El 4 de abril de 2016 comenzó su aventura. Arrancó la travesía en la Catedral de Notre Dame, en París. Cruzó una buena parte del país galo hasta entrar a España y realizar el “camino francés” hasta Santiago de Compostela. “Pasaba la noche en albergues o refugios para peregrinos. No importaba dónde dormir sino descansar bien para seguir pedaleando”, señala.

Bicicleta.

La pasión por las bicis la heredó de su abuelo, quien le regaló su primer rodado. Luego su padre lo ayudó a armar una de carrera. La idea de recorrer grandes distancias ya tenía un precedente pero en Sudamérica: “Siempre me gustó la naturaleza gracias al grupo scout Hipólito Bouchard de Olivos. En 2013 crucé Los Andes en una bici de montaña (mountain bike), desde Catamarca hasta Copiapó, en Chile. Dos años después repetí el cruce pero en solitario”, cuenta. Y agrega: “Conociendo la tradición del camino de Santiago de Compostela –ruta que recorren los peregrinos para llegar a la ciudad–, se me ocurrió hacerlo en bici. Al estar ahí decidí incrementar la dificultad y tomar el trayecto más largo. Siempre me pongo objetivos, mientras más complicados son, mayor es la satisfacción al superarlos”.

París.

París.

Tuvo que pasar momentos difíciles, aunque tras sobreponerse a ellos asegura que la aventura se hizo aún más sorprendente. “Muchas veces tuve la impotencia de, ante vientos fríos o intensas lluvias, no poder moverme y casi ni respirar. Pero siempre, después de eso, venía la mejor bajada, el paisaje más lindo y el incomparable sentimiento de sentirme vivo”, asegura. Y recuerda: “Pedaleando bajo pleno diluvio, totalmente tapado por mi capa y abrigos impermeables en una tediosa subida por alguna parte de Galicia, miré a mi derecha y había un ciclista abajo de un techito muy relajado fumando un cigarrillo. Al pasar, me sonríe y me dice ‘oxígeno’. No sabía si reírme o llorar”.

“Argentino, argentino”, le gritaron decenas de familias que transitaban a pocos kilómetros de llegar a Santiago de Compostela, en lo que fue su última gran subida, el “Monte do Gozo”. “Jamás me voy a olvidar de ese momento, único e irrepetible. La sensación de sentir a todos esos desconocidos alentándome fue algo mágico, me dieron fuerza para seguir”, explica.

Esta aventura no sólo le dejó kilómetros a sus ruedas, sino que también valiosos aprendizajes: “Cuando emprendés un viaje de características extremas, que salís de tu casa, de tu rutina y entorno, todo se basa en la toma de decisiones, buenas o malas.

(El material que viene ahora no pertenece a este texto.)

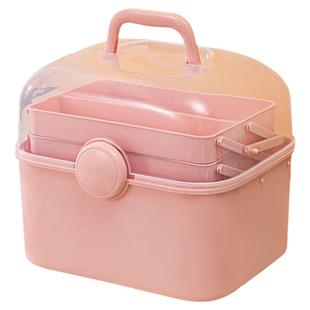 三层折叠收纳盒多功能画箱美术生工具箱超大号家用医药箱画笔颜料文具收纳箱学生专用美甲箱化妆品盒手提箱子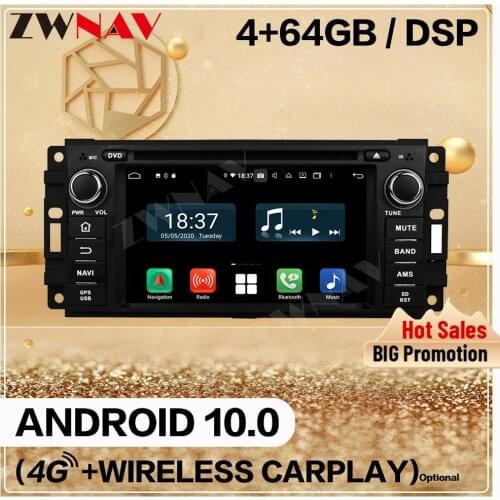 4+128GB Carplay 2 Din For Jeep Compass Wrangler Android 10.0 Multimedia Player Screen Audio Radio GPS Navi Head Unit Auto Stereo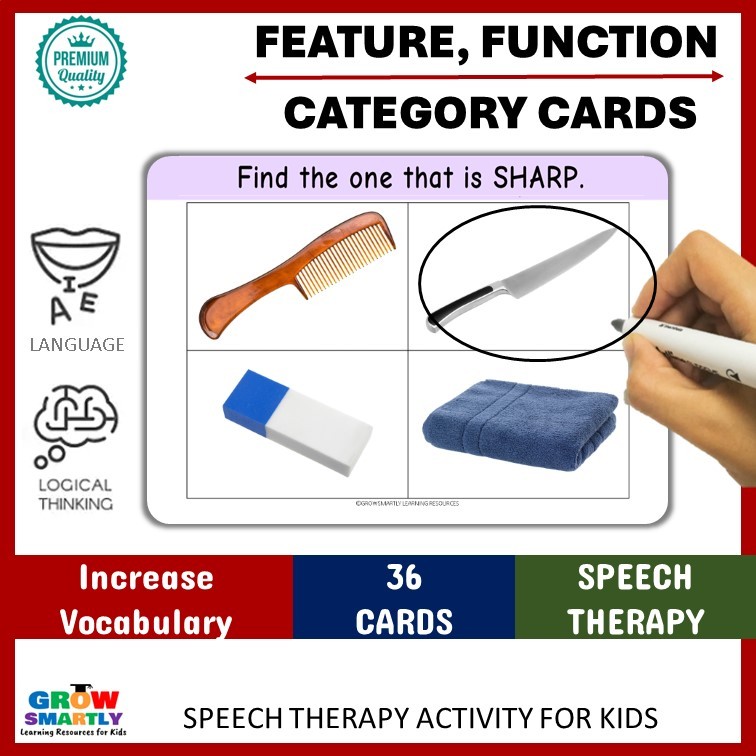Feature Function Category Task Card Speech Therapy Activity Speech ...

Qué camino tomar, cuándo parar por una posible tormenta o cuándo seguir. Siempre pensé que la experiencia te daba eso, en cualquier aspecto de la vida, como trabajo, amor o estudio. Podría decir que aprendí que nunca es tarde para tomar una decisión realmente estúpida –entre risas–, y que sólo hay que aceptarlas”, señala.

De cara al futuro tiene en vista una par de viajes que quiere hacer: “Quiero preparar uno o dos por las provincias de Argentina y otro afuera, me tienta mucho Nepal”, avisa.